Déjà 41 jours qu’un certificat médico-légal délivré par l’hôpital gynéco-obstétrique et pédiatrique de Yaoundé indiquait que la fillette avait perdu son hymen, avec un écoulement jaunâtre dans sa partie vaginale, attestant selon les médécins qu’elle a effectivement été victime de sévices sexuelles.

Mais le papa de la victime présumée depuis le début de l’affaire ne veut pas l’entendre de cette oreille. Menye Zinga Ernest protège son frère cadet Zinga Zinga Modric, 28 ans, sociétaire du club Bedifa, mis en cause du viol de Ange. Ledit papa est allé jusqu’à déposer une plainte contre Marie Madeleine Tsanga Adjongo, mère de la petite, qu’il poursuit pour « diffamation, menaces sous condition, injures publiques ».

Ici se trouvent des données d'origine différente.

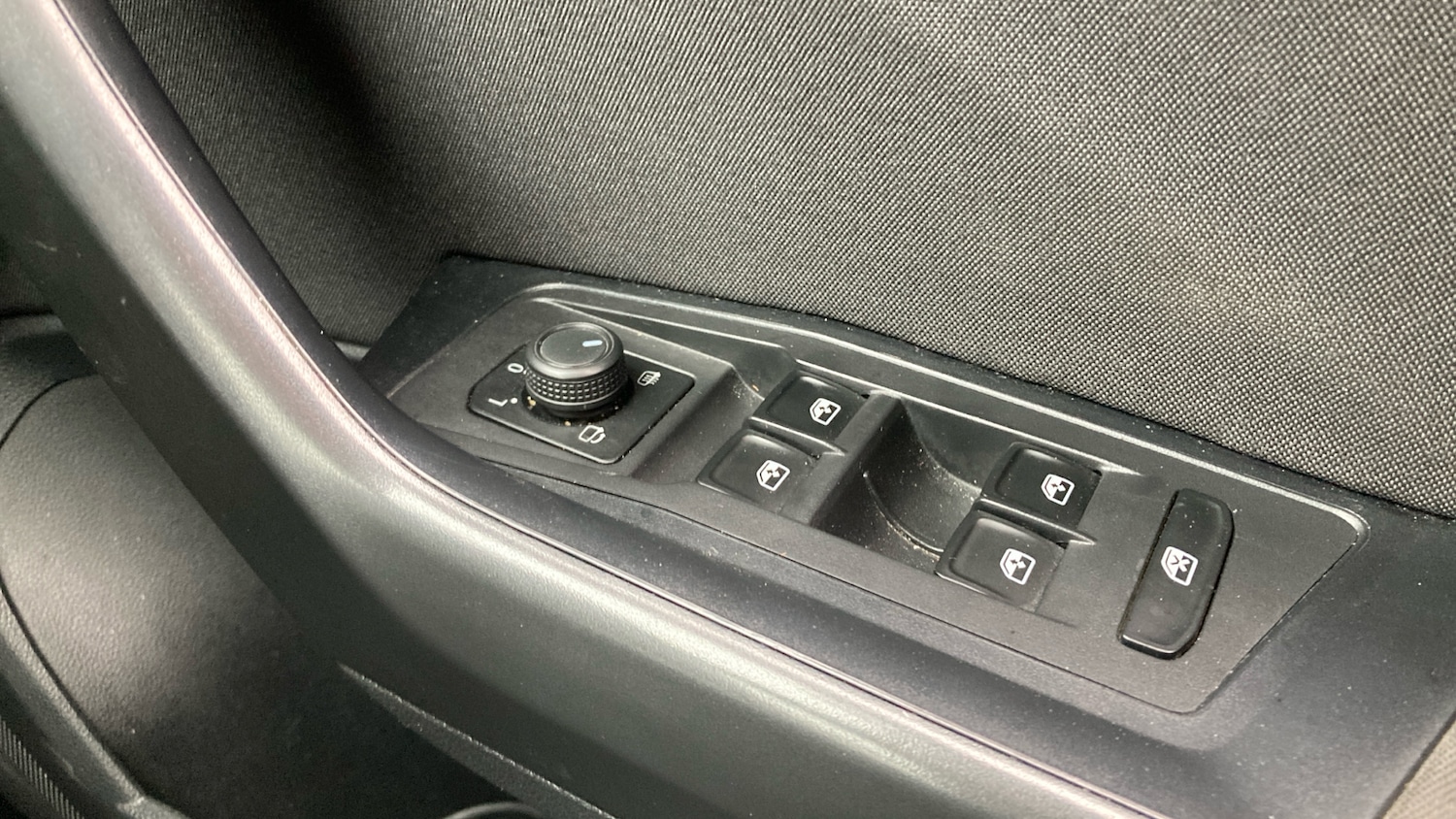 Used Volkswagen T-Roc 2023 for sale - 77893231: Photo 26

L’histoire de Marie Madeleine Tsanga Adjongo et du sieur Menye Zinga est celle d’un couple séparé depuis deux ans, mais cet homme et cette femme ont trois enfants de 8 ans, 6 ans, 4 ans. Durant les vacances, l’homme qui vit désormais avec une autre femme, prend les enfants et les ramène à la rentrée scolaire. Sauf que cette année, l’aînée des enfants est revenue avec un problème grave, elle dit avoir été victime de viol et accuse son oncle. L’affaire est portée auprès de l’association de lutte contre les violences faites aux femmes (ALVF), antenne du Centre, accompagnée par Me Tombo Manfred, avocat au barreau du Cameroun, qui a pris sous son humanité l’engagement judiciaire.

Chronologie des faits

6 septembre 2023 : Après les vacances chez son père, retour de Ange chez sa maman et constat d’une démarche inhabituelle. Interrogée avec insistance, elle finit par répondre « tonton junior (Zinga Zinga Modric) a mis son machin dans mes fesses». Elle dit également avoir été victime de menaces de ce dernier ainsi que de sa belle-mère (nouvelle compagne de son père). Le bourreau présumé lui aurait dit de garder le silence, sinon elle mourra. La belle-mère quant à elle lui aurait promis d’aller en enfer si jamais elle en parle. Par la suite, le père de la victime présumée déclare avoir fait des examens médicaux qui prouvent que sa fille n’a rien et qu’il s’agit de manigances de son ex compagne.

04 octobre 2023 : Un certificat médico-légal délivré par l’hôpital gynéco-obstétrique et pédiatrique de Yaoundé indique que l’enfant a perdu son hymen avec à la clé un écoulement jaunâtre. Entre temps, Marie Madeleine Tsanga Adjongo reçoit des menaces de la famille de son ex compagnon, ainsi que celles d’un homme se présentant comme un agent de la légion de gendarmerie du centre à Yaoundé.

11 octobre 2023 : Une plainte contre le nommé Zinga Zinga Modric pour «outrage à la pudeur, viol, inceste sur un enfant de 8 ans» est déposée auprès du procureur du tribunal de première instance de Yaoundé centre administratif.

16 octobre 2023 : Après collecte des fonds sous les soins de notre web média Griote, Ange est conduite à la l’hôpital pour une prise en charge médicale. Des prélèvements sont effectués au centre pasteur.

20 octobre 2023 : L’instruction du parquet diligente l’enquête à la légion de gendarmerie du Centre.

20 octobre 2023 : Zinga Ernest Désiré dépose une plainte contre Marie Madeleine Tsanga Adjongo et son frère aîné pour «diffamation, menaces sous condition et injures publiques ».

23 octobre 2023 : Marie Madeleine Tsanga Adjongo et son frère répondent à la convocation de la légion de gendarmerie du Centre. Mais le plaignant est absent. Elle est menacée par l’enquêtrice qui lui demande pourquoi les médias sont mêlés à cette affaire. Une réquisition est demandée pour compléter l’enquête et confronter les deux parties, ainsi qu’une contre-expertise médicale.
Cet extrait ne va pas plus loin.